Feel free to give any feedback or correct me, thanks a lot!
The exercise says:
Let $X_{t}$ be an Ito process, given by $X_{t} = X_{0} + \int_{0}^{t} \mu_s ds+\int_{0}^{t} \sigma_s dW_s$, where $X_0\in\mathbb{R}$, and let $Y_t$ be another Ito process given by $Y_{t} = Y_{0} + \int_{0}^{t} b_s ds+\int_{0}^{t} h_s dW_s$, where $Y_0\in\mathbb{R}$.
Show that $X_tY_t=X_0Y_0+\int_0^t X_s dYs+\int_0^t Y_s dX_s+[X,Y](t)$, where $[X,Y](t)=\int_0^t\sigma_s h_s ds$.
And my answer is...
Consider $dX_t=\mu_t dt+\sigma_t dW_t$ and $dY_t=b_t dt+h_t dW_t$ and let $LHS=X_tY_t$ and $RHS=X_0Y_0+\int_0^t X_s dYs+\int_0^t Y_s dX_s+\int_0^t\sigma_s h_s ds$.
This gives: $$LHS=X_{t} Y_{t}=\left(X_{0} +\int_{0}^{t} \mu_s ds+\int_{0}^{t} \sigma_s dW_s\right)\left(Y_{0} + \int_{0}^{t} b_s ds+\int_{0}^{t} h_s dW_s\right)=X_0 Y_0+X_0\int_0^t b_s ds+X_0\int_0^t h_s dW_s+Y_0\int_0^t \mu_s ds+\int_0^t\mu_s b_s (ds)^2+\int_0^t \mu_s h_s ds dW_s+Y_0\int_0^t \sigma_s dW_s+\int_0^t\sigma_s b_s dW_s ds+\int_0^t \sigma_s h_s (dW_s)^2=X_0 Y_0+X_0\int_0^t b_s ds+X_0\int_0^t h_s dW_s+Y_0\int_0^t \mu_s ds+Y_0\int_0^t \sigma_s dW_s+\int_0^t \sigma_s h_s ds,$$ since $dW_s ds=(ds)^2=0$ and $(dW_s)^2=ds$.

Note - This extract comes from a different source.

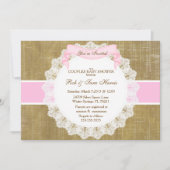 Rustic Country  Burlap Baby shower Uitnodigen Kaart (Voorkant)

Now the right-hand side (RHS) gives:
$$RHS=X_0Y_0+\int_0^tX_sdYs+\int_0^tY_sdX_s+\int_0^t\sigma_s h_s ds= X_0Y_0+\int_0^t\left(X_{0} + \int_{0}^{s} \mu_r dr+\int_{0}^{s} \sigma_r dW_r\right)\left(b_s ds+h_s dW_s\right)+\int_0^t\left(Y_{0} + \int_{0}^{s} b_r dr+\int_{0}^{s} h_r dW_r\right)\left(\mu_s ds+\sigma_s dW_s\right)+\int_0^t\sigma_s h_s ds=$$ And using $d_s d_r=d_rdW_s=d_sdW_r=dW_r dW_s=0$, we get $LHS=RHS$.
Ito product formula is direct from Ito lemma so you can try to derive that first. Once you are ok with the Ito product formula, you start by writing $$d(X_tY_t)=dX_tY_t+X_tdY_t+dX_tdY_t = (Y_0+\int_0^tb_sds+\int_0^th_sdW_s)(\mu_tdt+\sigma_tdW_t)+(X_0+\int_0^t\mu_sds+\int_0^t\sigma_sdW_s)(b_tdt+h_tdW_t)+(\mu_tdt+\sigma_tdW_t)(b_tdt+h_tdW_t)$$ then apply the multiplication rules ($dtdt=0...)$, integrate on each sides (not forgetting that on the RHS $X_0Y_0$ appears), and you will be done.